Convective Storms & NWP Seminar Series presents...
Detection of Hazardous Weather Phenomena Using Data Assimilation Techniques
Robert Fritchie
Weather Decision Technologies (WDT), Norman, OK
06 March 2009, 2:00 PM
National Weather Center, Room 5600
120 David L. Boren Blvd.
University of Oklahoma
Norman, OK
Directions to the NWC (.pdf, 60 kb)
Currently, the most widely used paradigm for the automated detection of tornadoes and other hazardous weather events involves identifying patterns in Doppler radar reflectivity and velocity data. The patterns include gate-to-gate shear, strong convergence oriented in lines, descending areas of high reflectivity, etc. The major limitation of this technique, however, is that new detection algorithms must be created, or existing ones adapted, each time a new observation system is deployed (e.g., TDWR). Further, they operate principally on data directly measured by the sensor (e.g., radial velocity and reflectivity) and thus cannot make use of fine-scale fields that are potentially available (e.g., pressure deviation and temperature fields within the storms). Finally, such systems are limited in their ability to synthesize data from other observing platforms in a dynamically consistent manner.
An alternative approach that has the potential to overcome these limitations involves using advanced data assimilation and retrieval techniques, applied to all available observations - especially those collected at fine scales by Doppler radar - to generate dynamically consistent, 3D gridded analyses of all key observed and unobserved meteorological quantities to which detection tools can be applied.
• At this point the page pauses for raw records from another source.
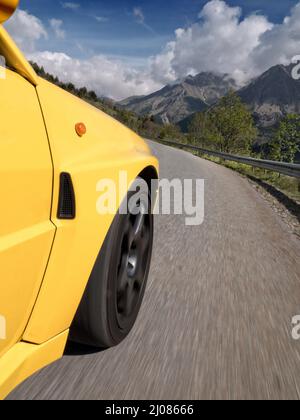 1995 Lancia Delta Integrale Evo II driving on historic Monte Carlo Rally stages and on the Route des Grandes Alpes  France. Stock Photo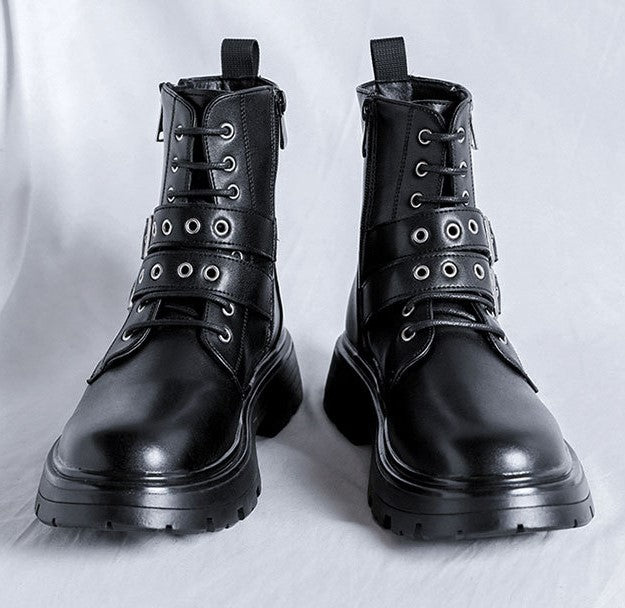 【最短2日でお届け「特急便」対応（25cmのみ）】belt leather boots EN109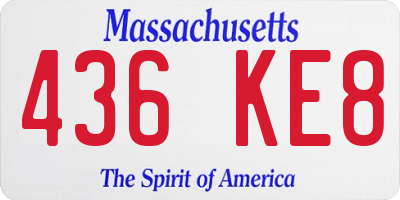 MA license plate 436KE8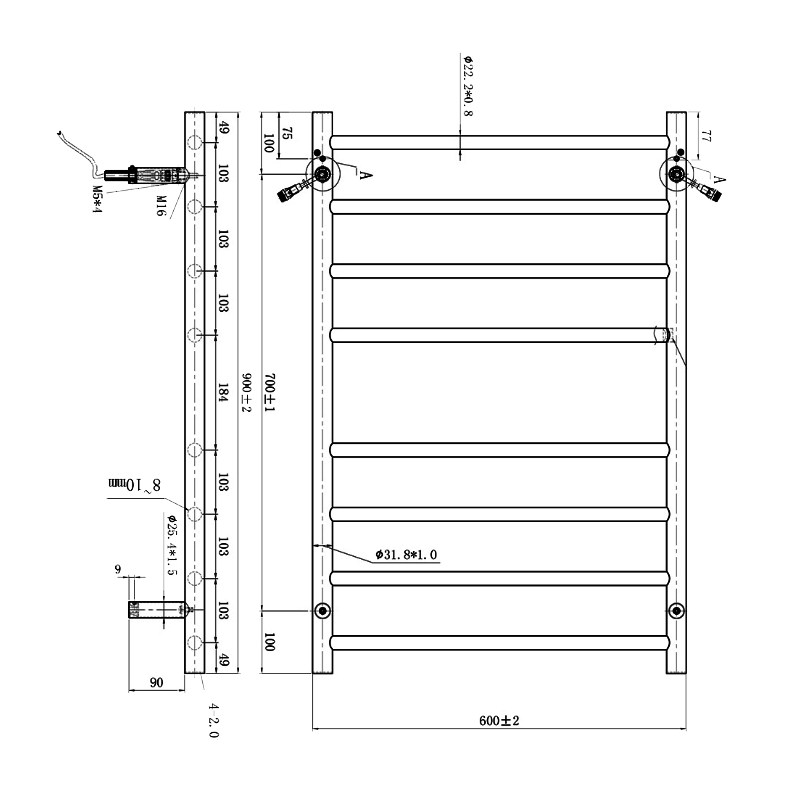 Argent Pace 600 8 Bar Heated Towel Rail - Cass Brothers
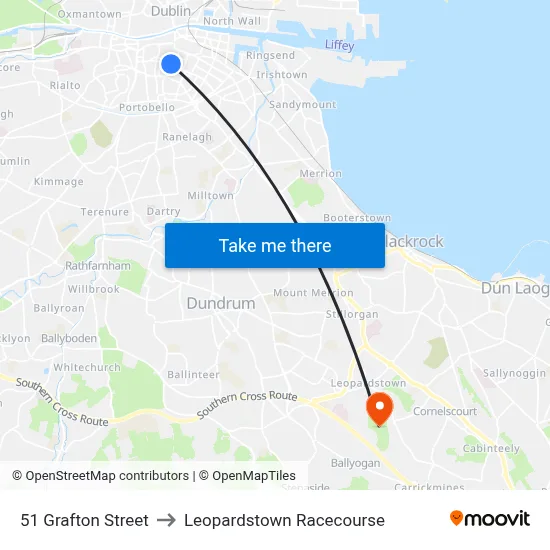 51 Grafton Street to Leopardstown Racecourse map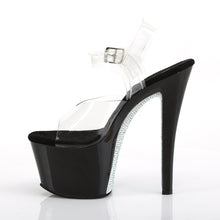 Load image into Gallery viewer, SKY-308CRS 7&quot; Heel Clear &amp; Black Silver Pole Dancer Sandals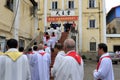 Catholic clergy queuing to enter the church Royalty Free Stock Photo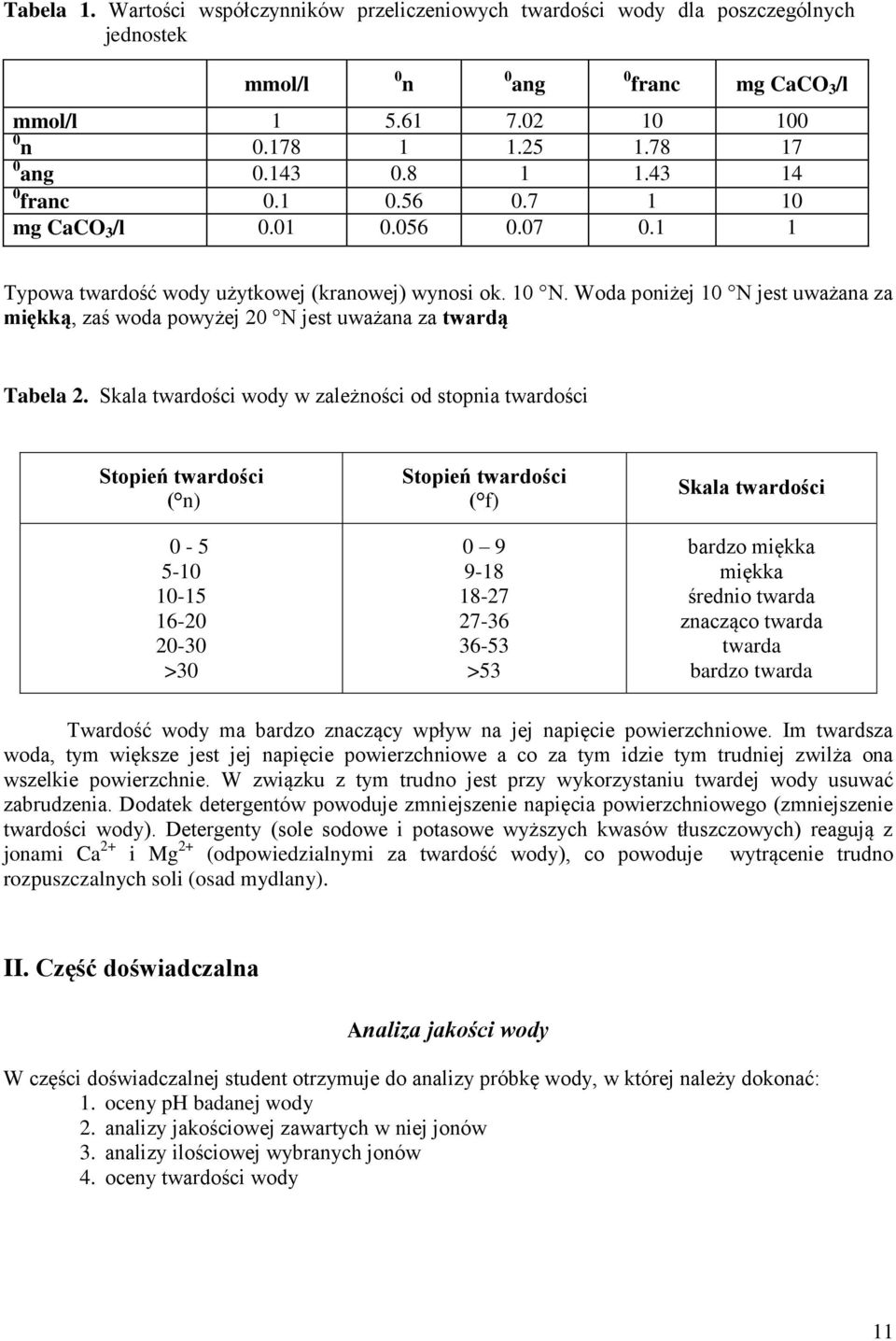 Skala twardości wody w zależności od stopnia twardości Stopień twardości ( n) 0-5 5-0 0-5 6-20 20-30 >30 Stopień twardości ( f) 0 9 9-8 8-27 27-36 36-53 >53 Skala twardości bardzo miękka miękka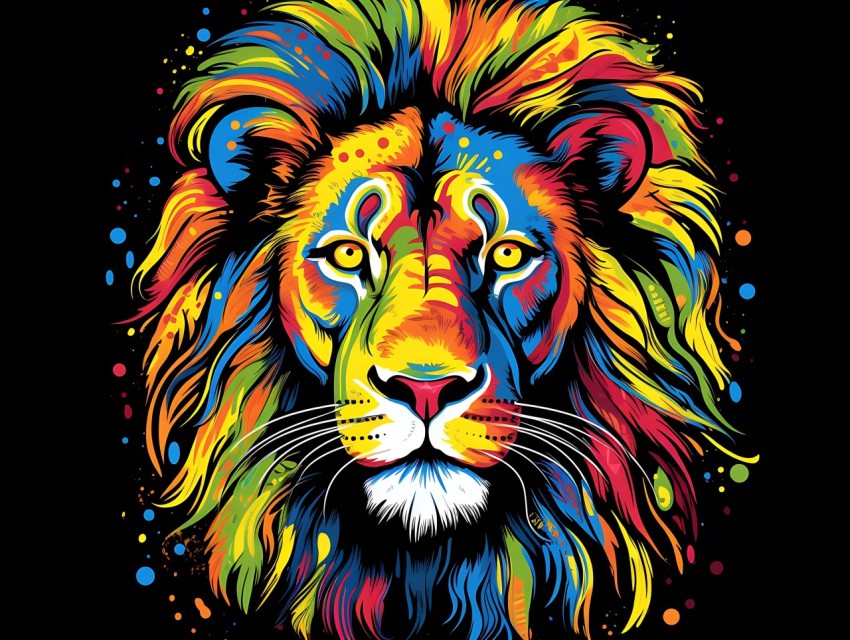 Colorful Lion Face Head Vivid Colors Pop Art Vector Illustrations Black Background (453)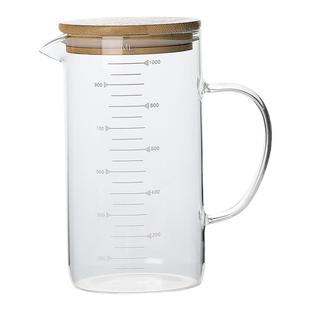 高硼硅玻璃杯带刻度计量杯烧杯微波炉电陶炉带把带盖牛奶杯早餐杯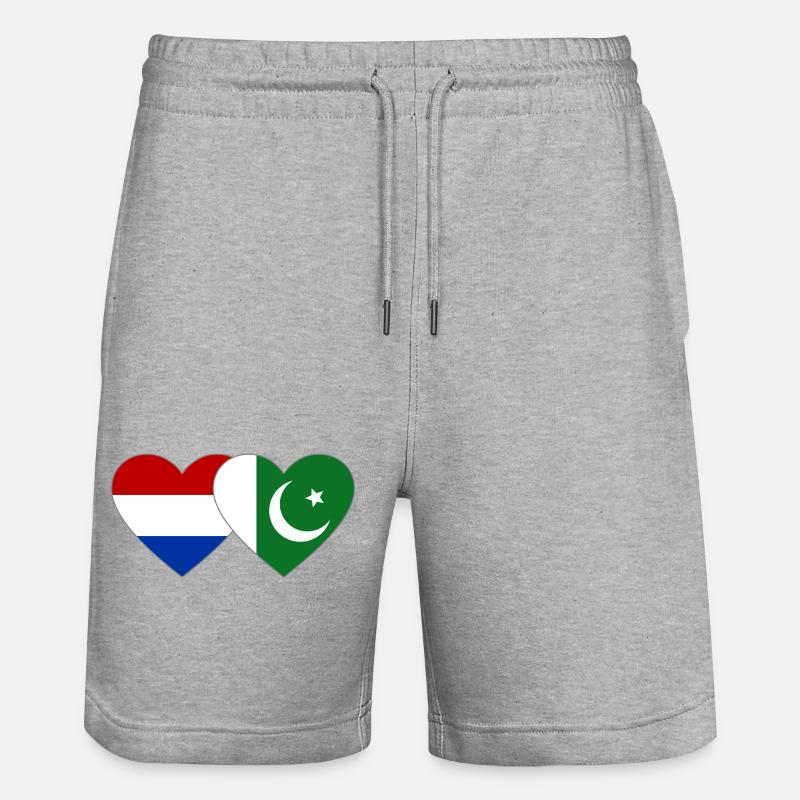 Pays-Bas Pakistan Drapeaux Coeur - Short de jogging bio TRAINER Stanley/Stella unisexe - gris chiné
The potential advantages include the ability to interrogate quantities not available from radar data alone and the use of geometrically simple 3D grids.
To examine the tradeoffs in hazardous weather detection between conventional sensor-based algorithms and the potential of applying algorithms to assimilated, gridded analyses, we compare detections produced by the Warning Decision Support System-Integrated Information (WDSS-II) to features in analyses that are generated using ensemble Kalman filtering for an observed tornadic storm that occurred on 29 May 2004 and that was observed at reasonably close range by NEXRAD radar.